> [About this task]: The records should be written out in full, with nothing altered.

> [Material for the task]:
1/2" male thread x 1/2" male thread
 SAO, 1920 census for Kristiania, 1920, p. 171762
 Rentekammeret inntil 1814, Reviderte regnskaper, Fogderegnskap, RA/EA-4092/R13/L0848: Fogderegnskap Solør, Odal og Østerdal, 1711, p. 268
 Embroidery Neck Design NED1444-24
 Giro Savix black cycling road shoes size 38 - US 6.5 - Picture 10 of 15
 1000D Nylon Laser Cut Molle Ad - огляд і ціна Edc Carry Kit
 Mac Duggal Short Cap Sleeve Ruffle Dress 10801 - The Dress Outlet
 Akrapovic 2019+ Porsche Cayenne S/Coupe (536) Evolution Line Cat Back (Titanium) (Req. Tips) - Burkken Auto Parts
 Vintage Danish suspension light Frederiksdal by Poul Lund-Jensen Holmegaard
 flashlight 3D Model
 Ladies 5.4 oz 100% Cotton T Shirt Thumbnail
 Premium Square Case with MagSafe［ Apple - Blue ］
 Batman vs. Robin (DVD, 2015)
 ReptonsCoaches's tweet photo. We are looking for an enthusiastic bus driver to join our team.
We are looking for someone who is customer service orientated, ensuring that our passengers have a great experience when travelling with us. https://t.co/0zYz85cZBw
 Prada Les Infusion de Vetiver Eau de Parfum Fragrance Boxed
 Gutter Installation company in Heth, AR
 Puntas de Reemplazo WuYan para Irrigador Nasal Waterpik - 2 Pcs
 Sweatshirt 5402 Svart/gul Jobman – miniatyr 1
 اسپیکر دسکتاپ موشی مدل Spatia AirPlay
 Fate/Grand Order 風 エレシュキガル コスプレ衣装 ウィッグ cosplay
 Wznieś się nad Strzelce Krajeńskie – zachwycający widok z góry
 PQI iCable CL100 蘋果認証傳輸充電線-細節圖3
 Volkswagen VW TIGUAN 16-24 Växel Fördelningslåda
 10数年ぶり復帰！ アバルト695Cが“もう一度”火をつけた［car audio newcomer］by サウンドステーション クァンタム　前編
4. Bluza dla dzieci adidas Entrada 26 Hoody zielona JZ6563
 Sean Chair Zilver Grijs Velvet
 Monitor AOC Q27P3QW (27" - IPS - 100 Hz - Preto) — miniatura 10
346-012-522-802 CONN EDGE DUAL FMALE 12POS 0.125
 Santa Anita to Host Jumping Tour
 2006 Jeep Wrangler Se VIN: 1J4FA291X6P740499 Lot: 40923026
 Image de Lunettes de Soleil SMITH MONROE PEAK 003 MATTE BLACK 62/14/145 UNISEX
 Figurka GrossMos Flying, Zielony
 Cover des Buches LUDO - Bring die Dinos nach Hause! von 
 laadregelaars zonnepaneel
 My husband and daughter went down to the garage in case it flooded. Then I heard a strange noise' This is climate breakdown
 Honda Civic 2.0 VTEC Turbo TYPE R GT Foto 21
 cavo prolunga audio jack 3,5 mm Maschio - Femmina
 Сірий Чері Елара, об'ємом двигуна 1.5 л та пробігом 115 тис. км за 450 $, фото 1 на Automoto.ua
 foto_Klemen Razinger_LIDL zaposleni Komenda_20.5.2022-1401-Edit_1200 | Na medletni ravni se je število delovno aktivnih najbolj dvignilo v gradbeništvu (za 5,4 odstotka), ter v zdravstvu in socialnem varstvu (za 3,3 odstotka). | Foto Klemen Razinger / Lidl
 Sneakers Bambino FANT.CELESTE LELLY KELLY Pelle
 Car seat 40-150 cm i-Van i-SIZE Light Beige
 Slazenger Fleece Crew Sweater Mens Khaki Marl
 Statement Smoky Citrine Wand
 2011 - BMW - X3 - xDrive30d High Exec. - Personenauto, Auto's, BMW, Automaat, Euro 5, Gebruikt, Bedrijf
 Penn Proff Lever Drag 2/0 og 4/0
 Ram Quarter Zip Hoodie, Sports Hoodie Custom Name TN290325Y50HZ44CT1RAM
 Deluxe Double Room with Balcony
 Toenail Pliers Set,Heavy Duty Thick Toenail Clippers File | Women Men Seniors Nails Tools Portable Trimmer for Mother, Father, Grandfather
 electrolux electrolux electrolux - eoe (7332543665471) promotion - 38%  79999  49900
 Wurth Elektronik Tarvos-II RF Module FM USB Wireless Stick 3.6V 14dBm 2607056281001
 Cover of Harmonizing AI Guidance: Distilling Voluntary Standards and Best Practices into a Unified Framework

> [Answer space]:
1/2" male thread x 1/2" male thread
 SAO, 1920 census for Kristiania, 1920, p. 171762
 Rentekammeret inntil 1814, Reviderte regnskaper, Fogderegnskap, RA/EA-4092/R13/L0848: Fogderegnskap Solør, Odal og Østerdal, 1711, p. 268
 Embroidery Neck Design NED1444-24
 Giro Savix black cycling road shoes size 38 - US 6.5 - Picture 10 of 15
 1000D Nylon Laser Cut Molle Ad - огляд і ціна Edc Carry Kit
 Mac Duggal Short Cap Sleeve Ruffle Dress 10801 - The Dress Outlet
 Akrapovic 2019+ Porsche Cayenne S/Coupe (536) Evolution Line Cat Back (Titanium) (Req. Tips) - Burkken Auto Parts
 Vintage Danish suspension light Frederiksdal by Poul Lund-Jensen Holmegaard
 flashlight 3D Model
 Ladies 5.4 oz 100% Cotton T Shirt Thumbnail
 Premium Square Case with MagSafe［ Apple - Blue ］
 Batman vs. Robin (DVD, 2015)
 ReptonsCoaches's tweet photo. We are looking for an enthusiastic bus driver to join our team.
We are looking for someone who is customer service orientated, ensuring that our passengers have a great experience when travelling with us. https://t.co/0zYz85cZBw
 Prada Les Infusion de Vetiver Eau de Parfum Fragrance Boxed
 Gutter Installation company in Heth, AR
 Puntas de Reemplazo WuYan para Irrigador Nasal Waterpik - 2 Pcs
 Sweatshirt 5402 Svart/gul Jobman – miniatyr 1
 اسپیکر دسکتاپ موشی مدل Spatia AirPlay
 Fate/Grand Order 風 エレシュキガル コスプレ衣装 ウィッグ cosplay
 Wznieś się nad Strzelce Krajeńskie – zachwycający widok z góry
 PQI iCable CL100 蘋果認証傳輸充電線-細節圖3
 Volkswagen VW TIGUAN 16-24 Växel Fördelningslåda
 10数年ぶり復帰！ アバルト695Cが“もう一度”火をつけた［car audio newcomer］by サウンドステーション クァンタム　前編
4. Bluza dla dzieci adidas Entrada 26 Hoody zielona JZ6563
 Sean Chair Zilver Grijs Velvet
 Monitor AOC Q27P3QW (27" - IPS - 100 Hz - Preto) — miniatura 10
346-012-522-802 CONN EDGE DUAL FMALE 12POS 0.125
 Santa Anita to Host Jumping Tour
 2006 Jeep Wrangler Se VIN: 1J4FA291X6P740499 Lot: 40923026
 Image de Lunettes de Soleil SMITH MONROE PEAK 003 MATTE BLACK 62/14/145 UNISEX
 Figurka GrossMos Flying, Zielony
 Cover des Buches LUDO - Bring die Dinos nach Hause! von 
 laadregelaars zonnepaneel
 My husband and daughter went down to the garage in case it flooded. Then I heard a strange noise' This is climate breakdown
 Honda Civic 2.0 VTEC Turbo TYPE R GT Foto 21
 cavo prolunga audio jack 3,5 mm Maschio - Femmina
 Сірий Чері Елара, об'ємом двигуна 1.5 л та пробігом 115 тис. км за 450 $, фото 1 на Automoto.ua
 foto_Klemen Razinger_LIDL zaposleni Komenda_20.5.2022-1401-Edit_1200 | Na medletni ravni se je število delovno aktivnih najbolj dvignilo v gradbeništvu (za 5,4 odstotka), ter v zdravstvu in socialnem varstvu (za 3,3 odstotka). | Foto Klemen Razinger / Lidl
 Sneakers Bambino FANT.CELESTE LELLY KELLY Pelle
 Car seat 40-150 cm i-Van i-SIZE Light Beige
 Slazenger Fleece Crew Sweater Mens Khaki Marl
 Statement Smoky Citrine Wand
 2011 - BMW - X3 - xDrive30d High Exec. - Personenauto, Auto's, BMW, Automaat, Euro 5, Gebruikt, Bedrijf
 Penn Proff Lever Drag 2/0 og 4/0
 Ram Quarter Zip Hoodie, Sports Hoodie Custom Name TN290325Y50HZ44CT1RAM
 Deluxe Double Room with Balcony
 Toenail Pliers Set,Heavy Duty Thick Toenail Clippers File | Women Men Seniors Nails Tools Portable Trimmer for Mother, Father, Grandfather
 electrolux electrolux electrolux - eoe (7332543665471) promotion - 38%  79999  49900
 Wurth Elektronik Tarvos-II RF Module FM USB Wireless Stick 3.6V 14dBm 2607056281001
 Cover of Harmonizing AI Guidance: Distilling Voluntary Standards and Best Practices into a Unified Framework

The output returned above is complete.